²Department of Immunology and Microbiology, Wayne State University School of Medicine, 540 E Canfield Avenue, Detroit, MI 48201, USA

³Department of Biochemistry and Molecular Biology, Wayne State University School of Medicine, 540 E Canfield Avenue, Detroit, MI 48201, USA

⁴Applied Genomics Technology Center, 5107 Biological Sciences, Wayne State University, 5047 Gullen Mall, Detroit MI 48202, USA

⁵Center for Molecular Medicine and Genetics, Wayne State University School of Medicine, 540 E Canfield, Detroit, MI 48201, USA

⁶Department of Surgery, 6C University Health Center, Wayne State University School of Medicine, 4201 St. Antoine, Detroit MI, US 48201 USA

⁷Department of Surgery, William Beaumont Hospital, 3601 W. Thirteen Mile Rd., Royal Oak MI 48073 USA

author email corresponding author email

Journal of Neuroinflammation 2007, 4:30doi:10.1186/1742-2094-4-30


Published:	18 December 2007

Abstract

Background

In multiple sclerosis, inflammatory cells are found in both active and chronic lesions, and it is increasingly clear that cytokines are involved directly and indirectly in both formation and inhibition of lesions. We propose that cytokine mixtures typical of Th1 or Th2 lymphocytes, or monocyte/macrophages each induce unique molecular changes in glial cells.

Methods

To examine changes in gene expression that might occur in glial cells exposed to the secreted products of immune cells, we have used gene array analysis to assess the early effects of different cytokine mixtures on mixed CNS glia in culture. We compared the effects of cytokines typical of Th1 and Th2 lymphocytes and monocyte/macrophages (M/M) on CNS glia after 6 hours of treatment.

Results

In this paper we focus on changes with potential relevance for neuroprotection and axon/glial interactions. Each mixture of cytokines induced a unique pattern of changes in genes for neurotrophins, growth and maturation factors and related receptors; most notably an alternatively spliced form of trkC was markedly downregulated by Th1 and M/M cytokines, while Th2 cytokines upregulated BDNF. Genes for molecules of potential importance in axon/glial interactions, including cell adhesion molecules, connexins, and some molecules traditionally associated with neurons showed significant changes, while no genes for myelin-associated genes were regulated at this early time point.
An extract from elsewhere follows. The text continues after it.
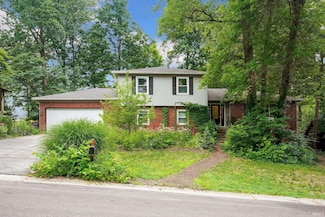2426 S Cottonwood Cir, Bloomington, IN 47401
Unexpectedly, changes occurred in several genes for proteins initially associated with retina, cancer or bone development, and not previously reported in glial cells.

Conclusion

Each of the three cytokine mixtures induced specific changes in gene expression that could be altered by pharmacologic strategies to promote protection of the central nervous system.